Russia responds to Ukraine's peace summit proposal
If held at the end of February, the proposed summit could coincide with the one-year anniversary of Russia's invasion of Ukraine.
Russia on Tuesday mocked Ukraine's proposal to hold a "peace" summit at the United Nations by the end of February.
Ukrainian Foreign Minister Dmytro Kuleba on Monday said Moscow must be prosecuted for war crimes at an international court before the summit, which would be mediated by U.N. Secretary-General António Guterres.
Russia's Permanent Representative to the U.N. Dmitry Polyansky said in a translated Telegram post that Ukraine's request for a peace summit along with the statement that Russia was illegally a member of the U.N. are both "mutually exclusive claims."
Kuleba said Russia "can only be invited" to the summit if Moscow faces a war-crimes tribunal first.
"What can be a 'peace summit' without Russia?

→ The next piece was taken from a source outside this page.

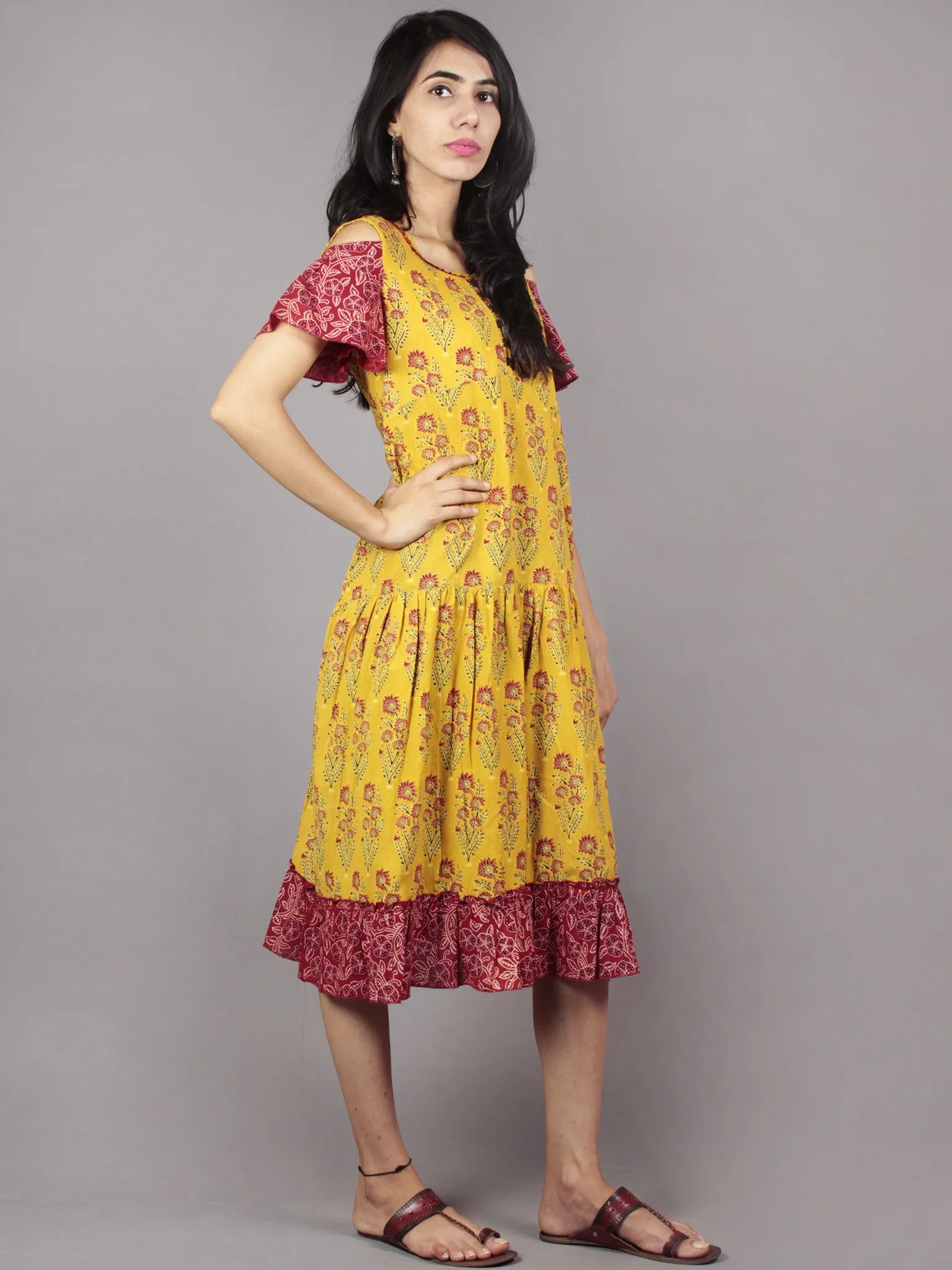 Mustard Maroon Black Ivory Ajrakh Block Mughal Printed Tier Cotton Dress With Cold Shoulders  - D60F623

It's very easy to imagine it without Ukraine," Polyansky said.
In response to the summit proposal, U.N. spokesperson Florencia Soto Nino-Martinez said: "As the secretary-general has said many times in the past, he can only mediate if all parties want him to mediate."

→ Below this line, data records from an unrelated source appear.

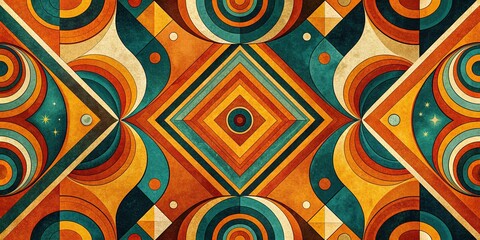 Naklejka premium 70s Retro Abstract Background: Groovy Geometric Patterns & Vibrant Colors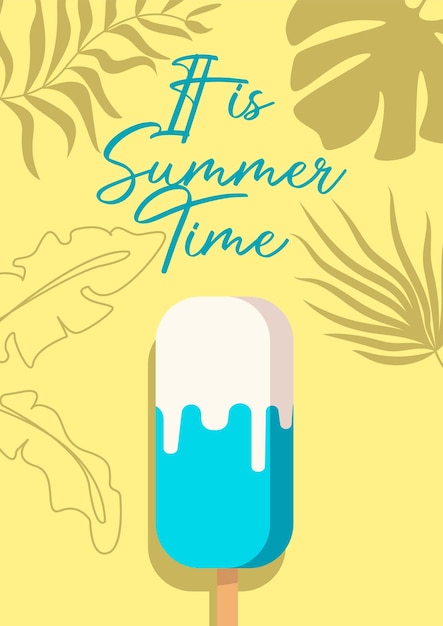 Diseño de cartel de helado vintage Fondo de verano vectorial Hojas y palmeras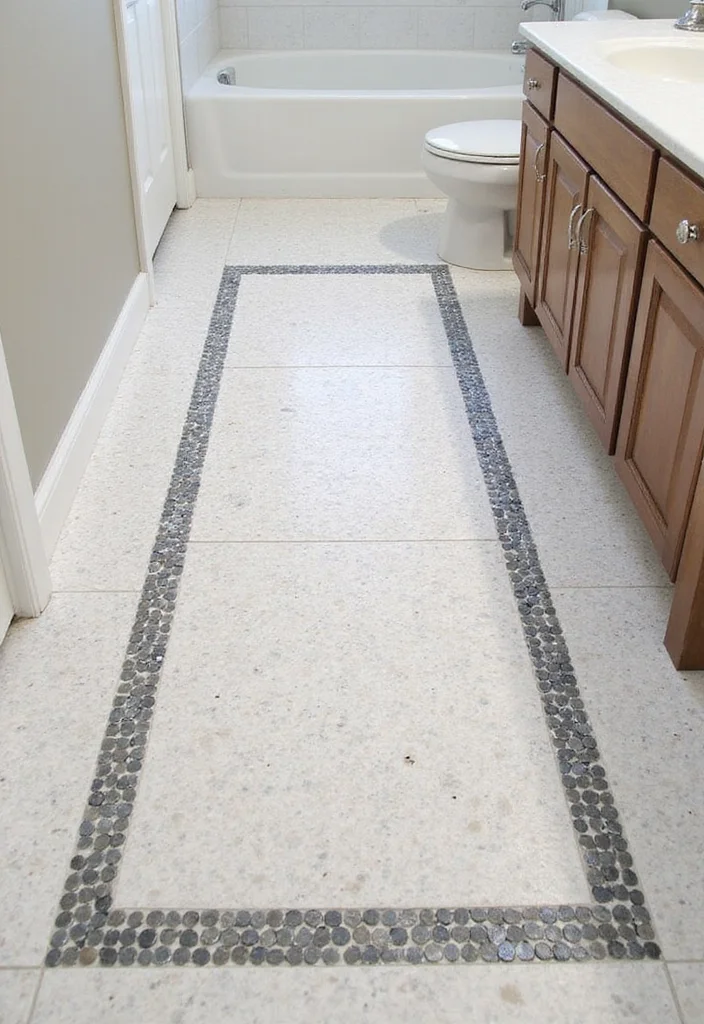 14 Penny Tile Bathroom Floor Ideas That Impress - 9. Creative Borders and Accents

Russian President Vladimir Putin said in an interview aired Sunday that the Kremlin is "ready to negotiate with everyone involved about acceptable solutions, but that is up to them — we are not the ones refusing to negotiate, they are."

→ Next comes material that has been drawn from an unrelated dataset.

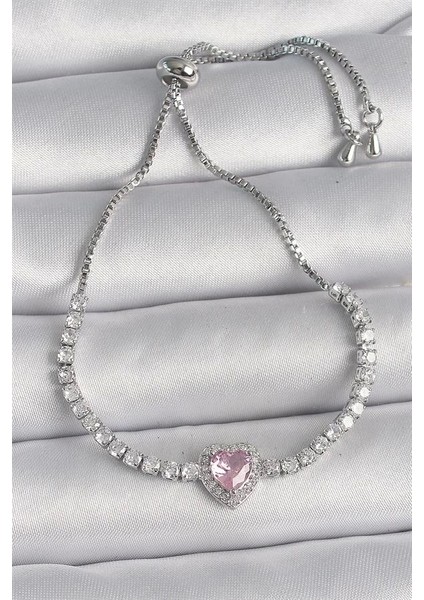 Pirinç Gold Renk Su Yolu Zirkon Taşlı Pembe Zirkon Taşlı Kalp Asansör Model Charm Kadın Bileklik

If held at the end of February, the proposed summit could coincide with the one-year anniversary of Russia's invasion of Ukraine.
Ukraine says Russian forces have carried out at least 34,000 possible war crimes since the start of the invasion. In March, the United States formally declared that Russian service members committed war crimes. The Kremlin has dismissed the allegations.